--- Exercise instructions ---
Take the data below and write it out exactly, except for the pictures.

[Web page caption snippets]
━━━━━━━━━━━━━━━━
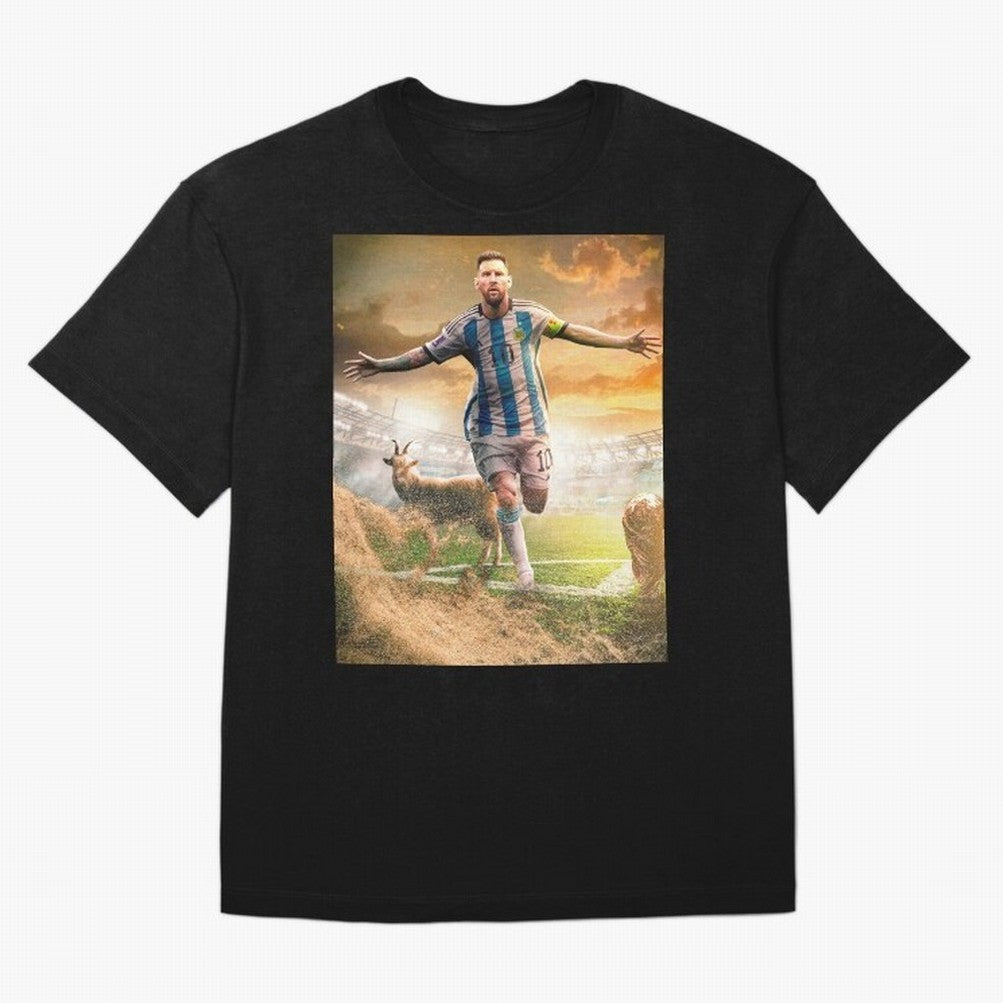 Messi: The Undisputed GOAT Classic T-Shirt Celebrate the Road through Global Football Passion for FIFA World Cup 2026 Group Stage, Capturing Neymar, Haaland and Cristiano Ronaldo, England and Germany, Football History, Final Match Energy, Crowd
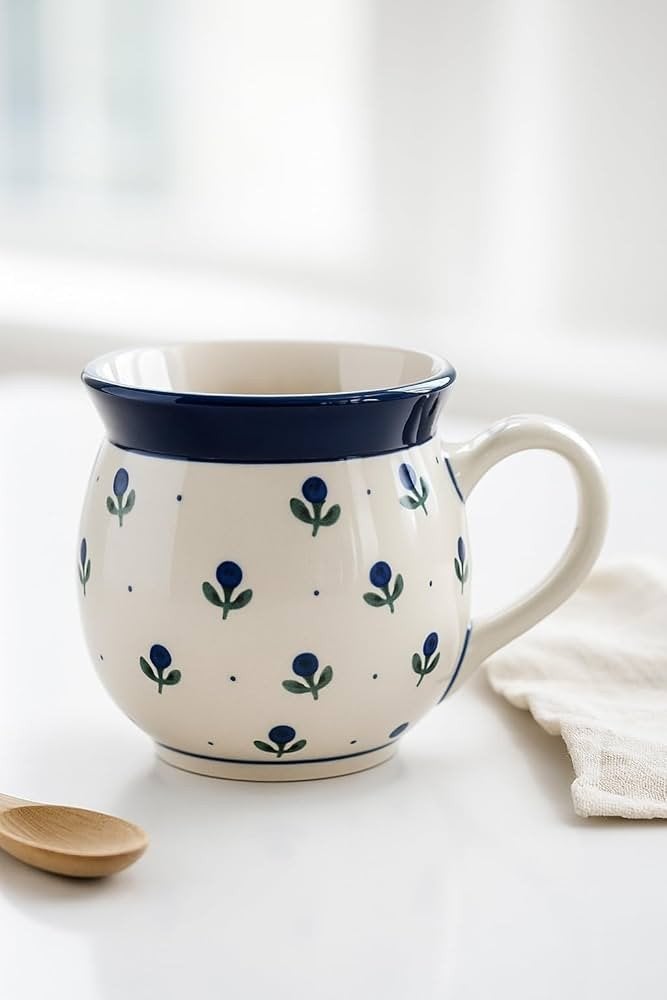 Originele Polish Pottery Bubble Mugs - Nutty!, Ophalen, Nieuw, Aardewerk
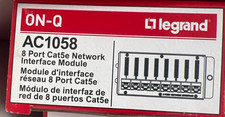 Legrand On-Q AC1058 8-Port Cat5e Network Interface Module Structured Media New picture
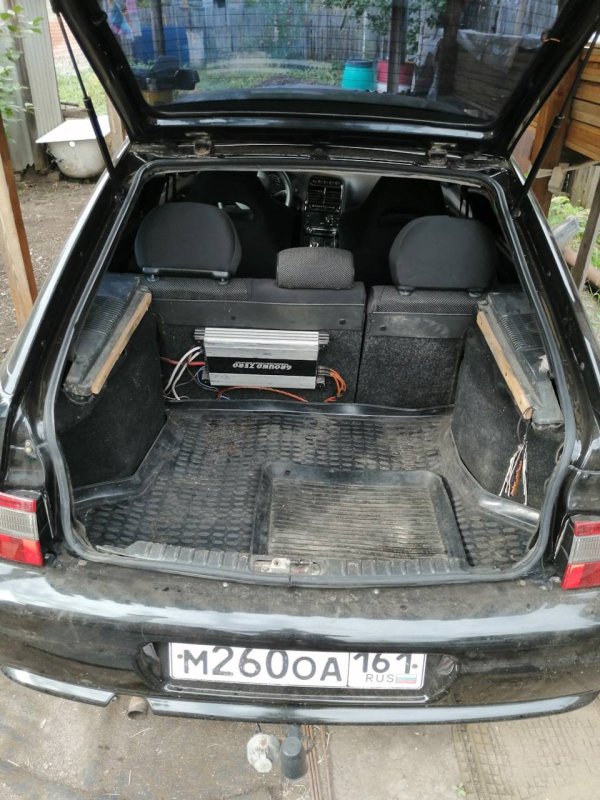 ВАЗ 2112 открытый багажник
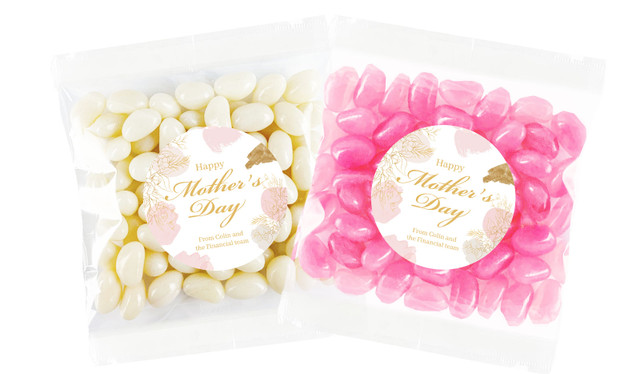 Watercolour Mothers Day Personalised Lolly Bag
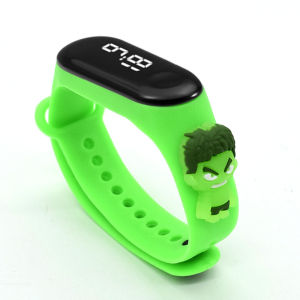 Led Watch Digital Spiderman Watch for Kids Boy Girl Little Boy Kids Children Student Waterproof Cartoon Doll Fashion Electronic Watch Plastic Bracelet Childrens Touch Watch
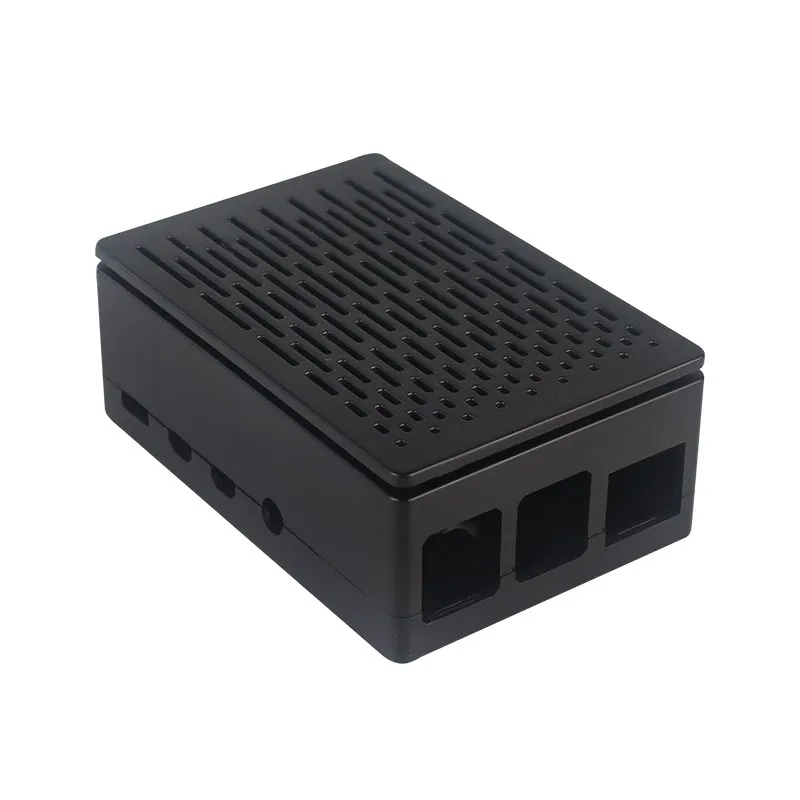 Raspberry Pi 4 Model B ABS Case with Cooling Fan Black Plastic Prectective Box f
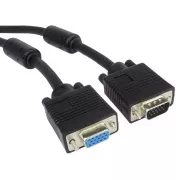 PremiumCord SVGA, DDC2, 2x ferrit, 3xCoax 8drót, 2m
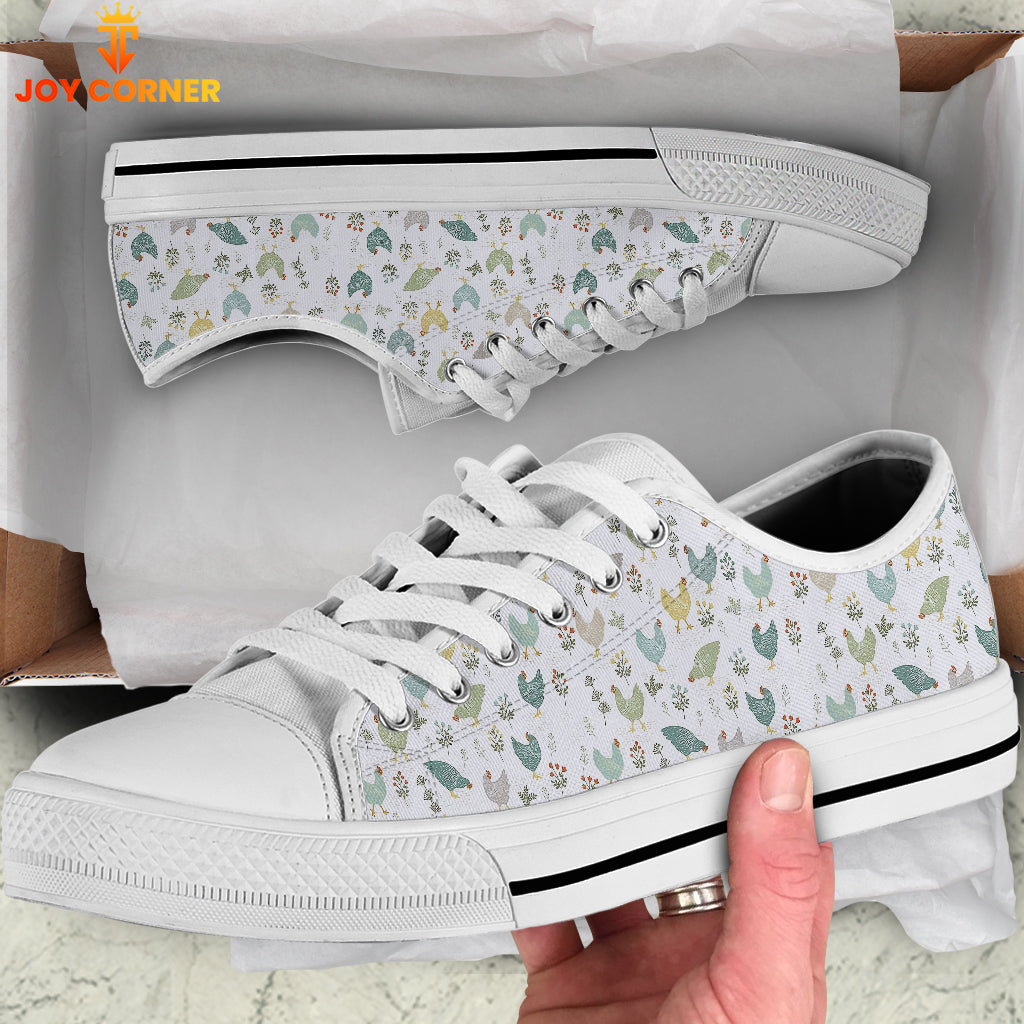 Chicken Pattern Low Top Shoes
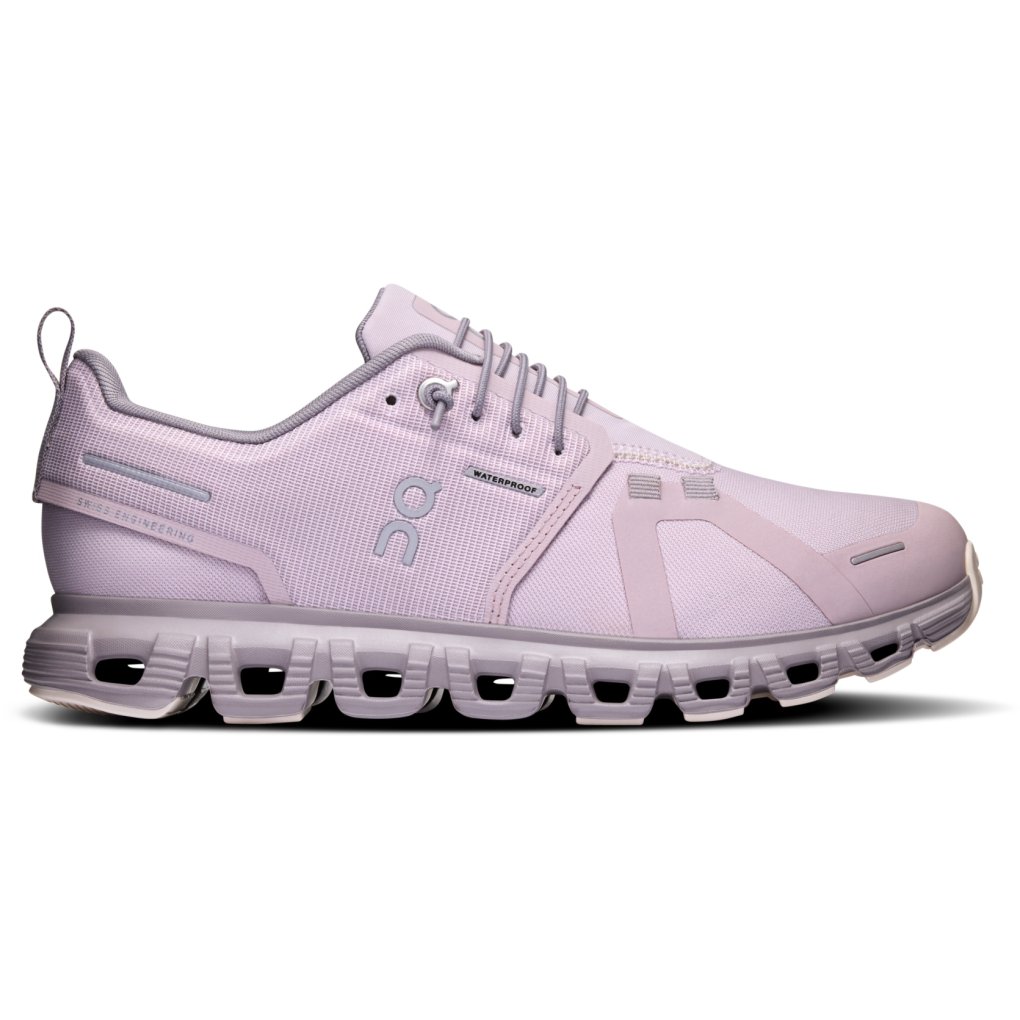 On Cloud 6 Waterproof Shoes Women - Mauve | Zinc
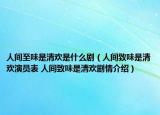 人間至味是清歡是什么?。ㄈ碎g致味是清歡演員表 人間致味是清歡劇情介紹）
━━━━━━━━━━━━━━━━
--- Completed task ---
 Messi: The Undisputed GOAT Classic T-Shirt Celebrate the Road through Global Football Passion for FIFA World Cup 2026 Group Stage, Capturing Neymar, Haaland and Cristiano Ronaldo, England and Germany, Football History, Final Match Energy, Crowd
 Originele Polish Pottery Bubble Mugs - Nutty!, Ophalen, Nieuw, Aardewerk
 Legrand On-Q AC1058 8-Port Cat5e Network Interface Module Structured Media New picture
 ВАЗ 2112 открытый багажник
 Watercolour Mothers Day Personalised Lolly Bag
 Led Watch Digital Spiderman Watch for Kids Boy Girl Little Boy Kids Children Student Waterproof Cartoon Doll Fashion Electronic Watch Plastic Bracelet Childrens Touch Watch
 Raspberry Pi 4 Model B ABS Case with Cooling Fan Black Plastic Prectective Box f
 PremiumCord SVGA, DDC2, 2x ferrit, 3xCoax 8drót, 2m
 Chicken Pattern Low Top Shoes
 On Cloud 6 Waterproof Shoes Women - Mauve | Zinc
 人間至味是清歡是什么?。ㄈ碎g致味是清歡演員表 人間致味是清歡劇情介紹）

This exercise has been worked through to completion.